Spotify and Epic games, whatever your opinion of them, their businesses are are more risk from piracy than most. Both are advocating for a more open way of doing things.
How are these companies subject to piracy risks?
Spotify, like Hey, require users to pay a subscription to use their services. There’s nothing to pirate or crack.
Epic just wants their own App Store where they can keep 100% of the proceeds of their IAPs, as well as host other developers’ apps and charge them a commission from their app sales.
These companies are clamouring for a more open way of doing things because they have everything to gain, and absolutely nothing to lose from doing so.
Unfortunately you see everything from a consumer perspective and not from that of the creator, without open systems (Mac/windows/linux) none of the mobile platforms or apps you run on them would exist.
I see it that what may be good for the developer may not necessarily be good for us consumers. Epic and Spotify are not our friends. DHH is not unlike Louis Rossmann. He wants to push for legislation that is beneficial to his own business, and is savvy enough to use social media to spark outrage in his favour.

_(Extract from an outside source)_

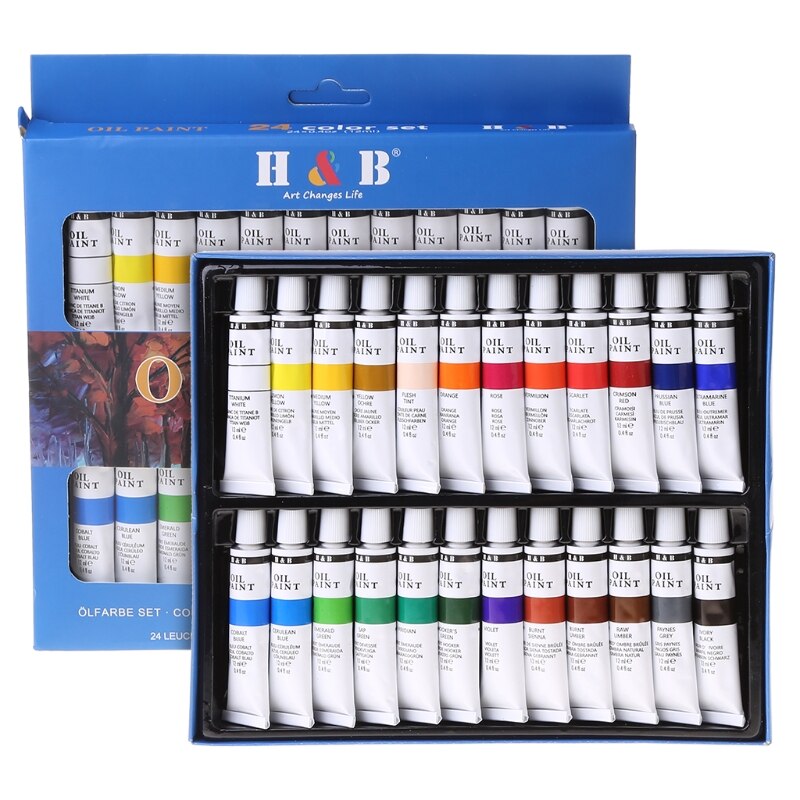 24 Colors Oil Painting Paint Drawing Pigment 12ml Tubes Set Artist U4LD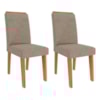 Kit 2 Cadeiras Estofadas 11058 Linho Cinamomo Bege MOLCI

As it stands, users of Hey email app are able to subscribe from the website, but DHH wants to go one step further. He wants to be able to get users to sign up for his email service directly through the app, using a payment service of his own choice (which I presume would incur the lowest credit card fees for him), and not pay Apple a single cent more than he has to (which is to say, not at all).
He wants to leverage the Apple ecosystem and its user base in its entirety without paying anything in return, and he is thick-skinned enough to make it sound like his god-given right to do so.
I understand his desire as a developer to feel entitled to keep every last cent of his profits to himself, the same way that I would rather pay less tax than more given the opportunity. But as a consumer, I also understand that the App Store exists the way it does today because everyone pays their share (the proceeds of which go towards covering the costs).
Of course, I imagine the critics would claim that Apple, being as rich as they are, can and should simply subsidise the costs of running the App Store from iPhone profits and see it as a cost of doing business.
I think it also says a lot that so far, only developers like Epic and DHH have been pushing for this new ruling, yet no consumers have been called to testify. Nor have we been surveyed on what we think or prefer. I am not a US citizen, but I think I would be able to make a rather impassioned argument in defence of Apple’s practices.
Do we users not deserve to have a say in how we wish for the App Store model to be run? The App Store doesn’t just exist for developers, it exists for us consumers as well.